I confess to being averse to planning my essays. This could admittedly be put down to laziness; but I feel rather, that it is because I do not want to be tied down to a paragraph–by–paragraph plan which tends – if I may so express it – towards the somewhat tedious process of having to ‘fill them in’. Because an essay is just like a letter—in the sense that, although you begin with a general idea of what you are going to say,  it only takes its particular expression and shape as you write it, and it’s the act of writing that brings out things that were unimagined when you started. So it is that I fear loss of spontaneity—feeling, as I often do, like the essayist William Hazlitt, in that, ‘I seldom see my way a page or even a sentence before me . . .’ Yet Hazlitt was a great writer; his essays wonderfully discursive; and therefore not a good model for literary academic writing.

So, my damning process – which could admittedly lose me marks by revealing it – is        to begin the opening paragraph with a description of what I intend – what I will try –       to express or show in the essay; but without revealing my conclusion—which I would hope would intrigue the reader (so that it’s almost ‘the essay as novel’: posing the question, ‘What is going to happen in the end?’—not, of course that will ever be as exciting as the best novels are). So what do I do after I’ve written my introductory paragraph? I just carry on writing until I’ve reached the end! And then see if I’ve written too much or too little, and adjust the text accordingly: cutting down or expanding. However, I do know what I want to say, and I do not lose sight of that. And, it’s very like making a painting: it is utterly impossible to envisage the final result—no matter how much planning has been put into it, or preparatory sketches made.1

However, I would say that it’s imperative, while writing, never to lose sight of the question posed by the title of your essay—or of your purpose if it’s a close study of a particular poem, book chapter, etcetera, and try to make every word count. (Also, the advice of one of my tutors’ to link the last sentence of a paragraph to the first sentence  of the next is invaluable). Yet if paragraphs have to link through their first and last sentences, do not the sentences of each paragraph also have to link continuously through the paragraph—each one dependent on its sister or brother sentences? Well, yes, of course they do. Otherwise there’s a danger of writing something that strays beyond the boundaries of the main topic of the essay. Much as if you came across a piece of fish in the middle of your pork pie.

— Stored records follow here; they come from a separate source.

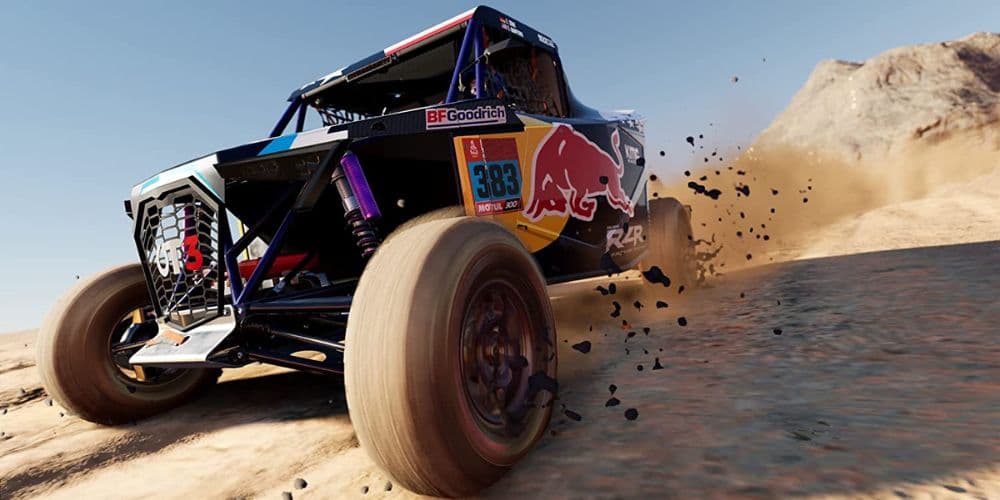 Dakar Desert Rally – PS4 — تصویر ۴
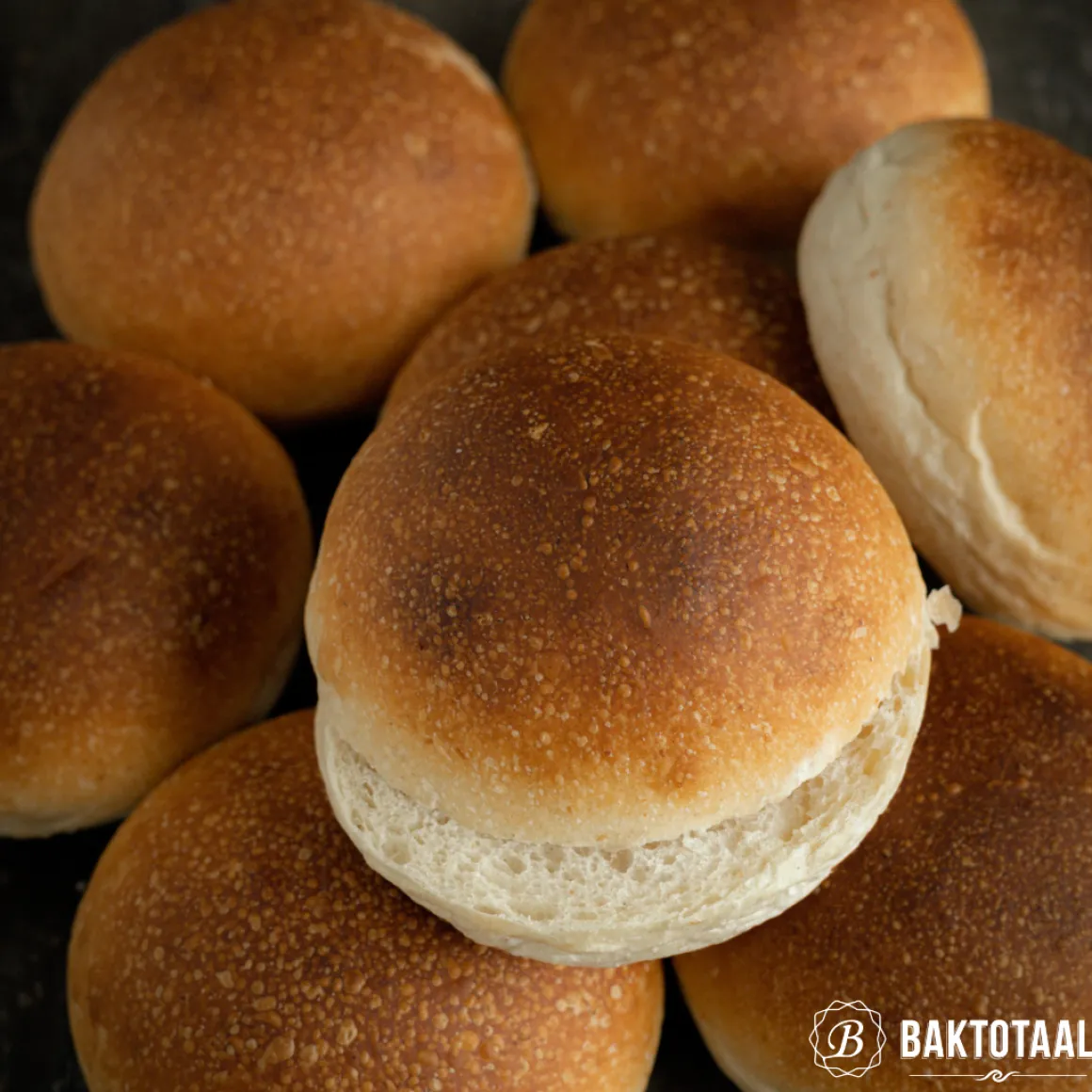 Beslagkom kunststof, 28 cm.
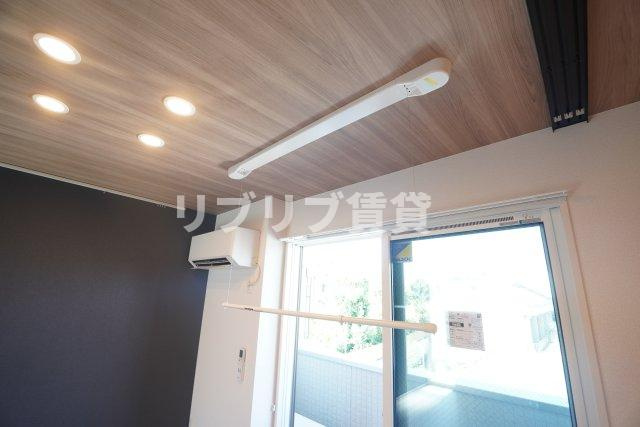 D-ROOM汐見丘αの設備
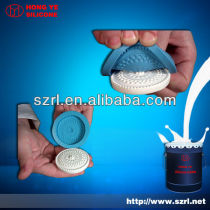 Brushing RTV-2 mold silicone rubber supplier
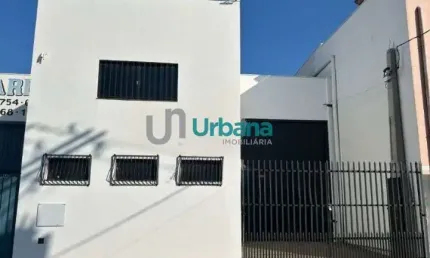 Barracão / Galpão / Depósito para alugar no Parque São José, São Carlos  por R$ 6.500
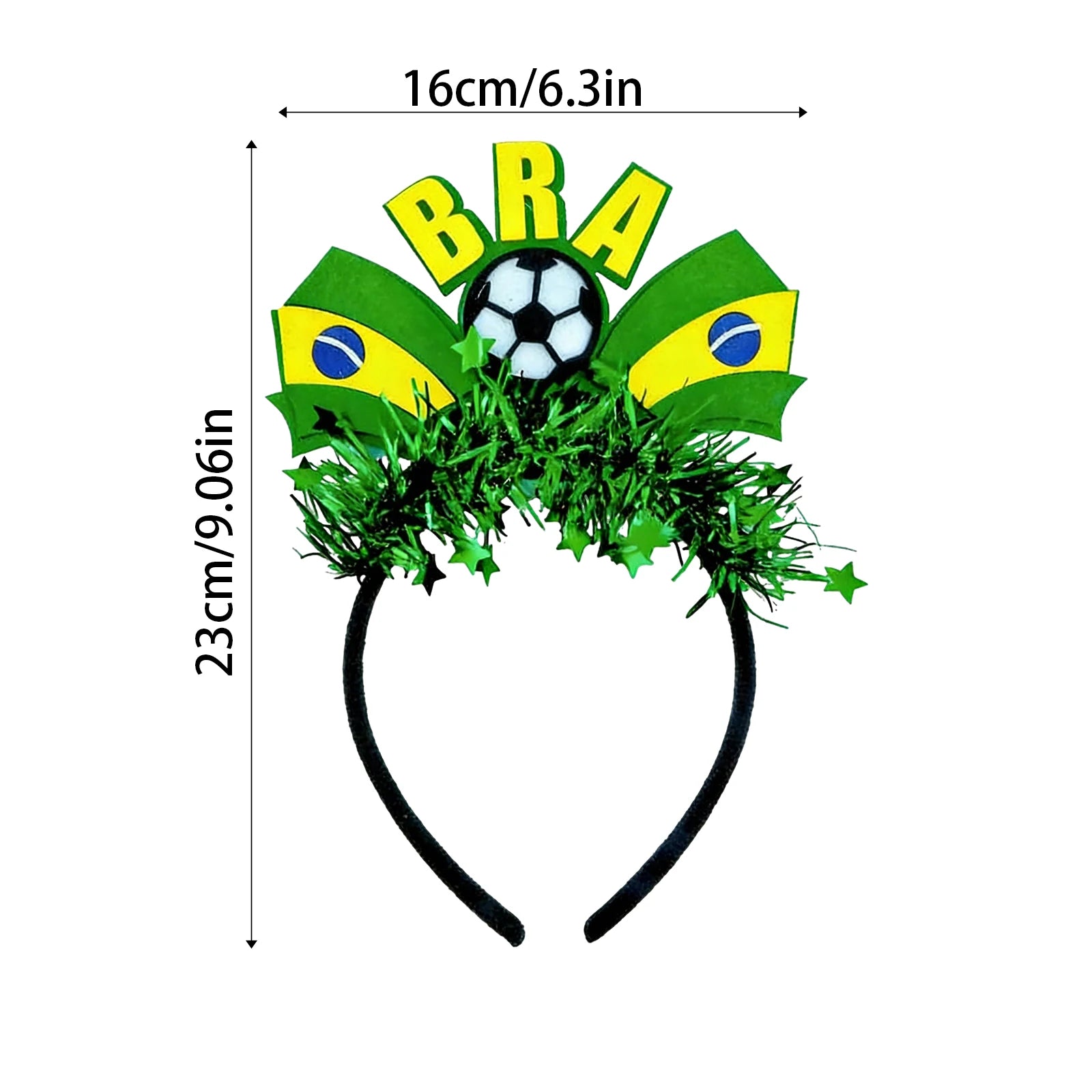National Flag Sports Headband - Serre-tête Drapeau National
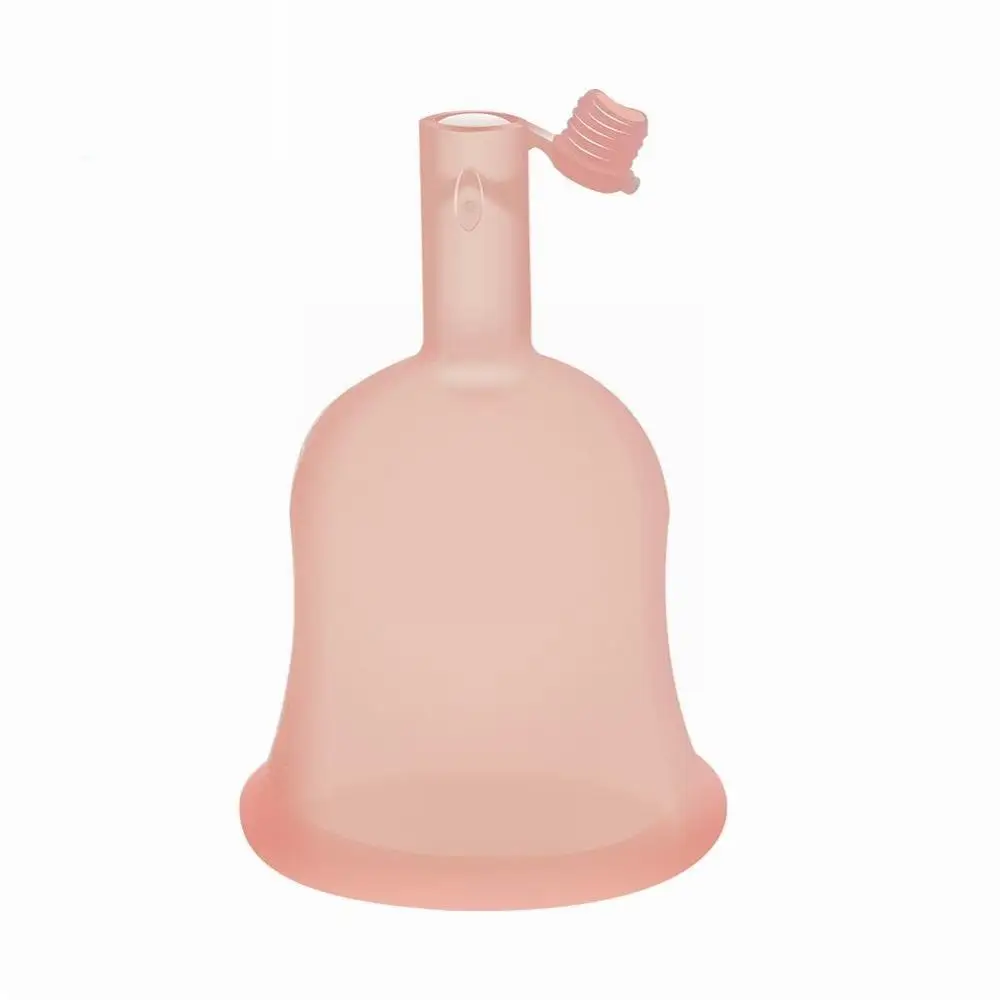Hot Sale Menstrual cup for Women Feminine hygiene Medical 100% silicone Cup Menstrual reusable lady cup copa menstrual than pads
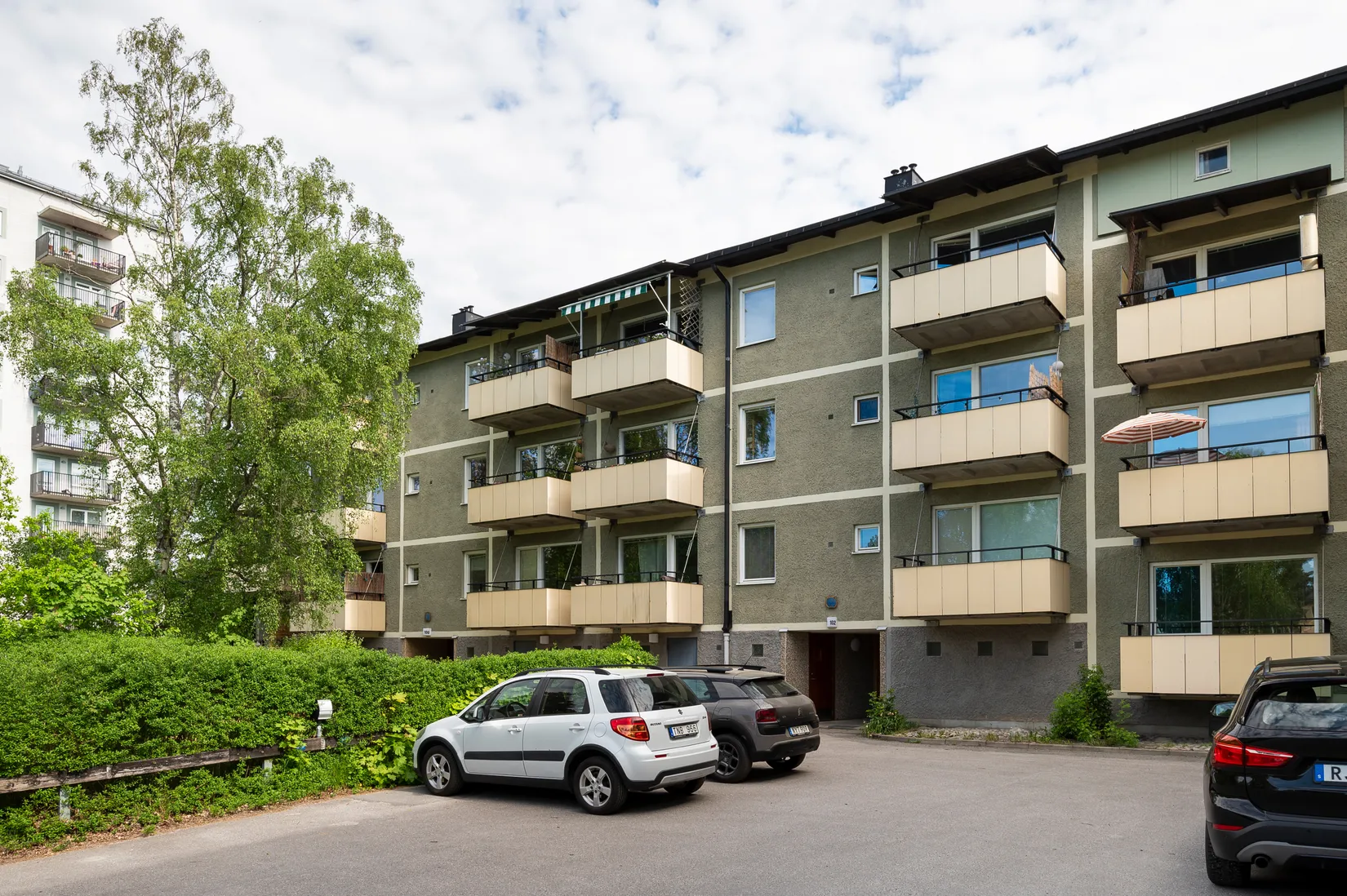 Bostadsrätt, Trollesundsvägen 104, Högdalen, Stockholm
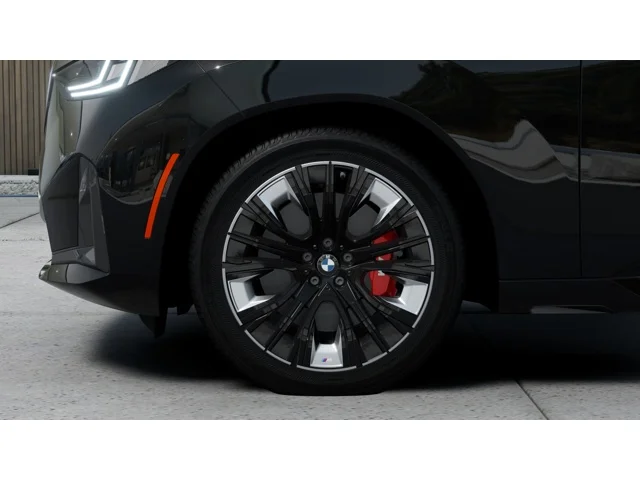 New 2026 Black Sapphire Metallic BMW 30 xDrive image 7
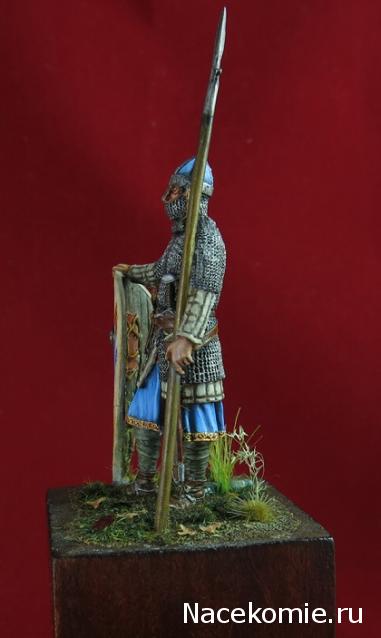 Другие воины разных эпох в миниатюре: фото, обсуждение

Yet it is, I think, particularly difficult when it comes to paragraphs—because academics who study grammar and/or linguistics deal exclusively with the structure of sentences: no larger unit of language yielding worthwhile study. If you look up ‘paragraph’ on Amazon, a fair abundance is listed. But if you look up ‘English grammar’ it almost seems as if you could go on to infinity.

Well, I have no theory of (academic) paragraph structure, but I’ll have a stab at it:

First, I see it as a discrete unit, dealing with (or analysing) some particularly relevant aspect of the subject, as delineated by the Essay’s title. Second – as per my tutor’s firm advice – the last sentence of a paragraph must link to (or carry over to) the first sentence of the following paragraph.

However, assuming that your paragraphs are all self–contained, and relate well to one another, there is still a danger that you will find at the end of your essay that you have by subtle degrees veered off your topic, to the extent that your essay’s first paragraph does not relate well to your last paragraph. And I confess that this is perhaps the strongest argument against my ‘unplanned’ approach.

But again, I have to say that I did not know how this blog was going to turn out when      I started it; and looking back on it, I seem in parts to have written no more than common sense; yet that common sense is now drilled into me with more force than it was before. However, it does seem to me that my potentially ruinous course of (semi–unplanned) writing ought at least to have a written ‘skeleton plan’—such as will shore up the body of my essay.  Then I would think how best to begin: which characters and scenes were the most important; which passages from the work where expressively the strongest as supporting my theme/argument (and which passages, although truly wonderful, I would simply have to ignore as being strictly inadmissible’—because if you step aside, and introduce such passages, then it will show—just like snow in high summer!)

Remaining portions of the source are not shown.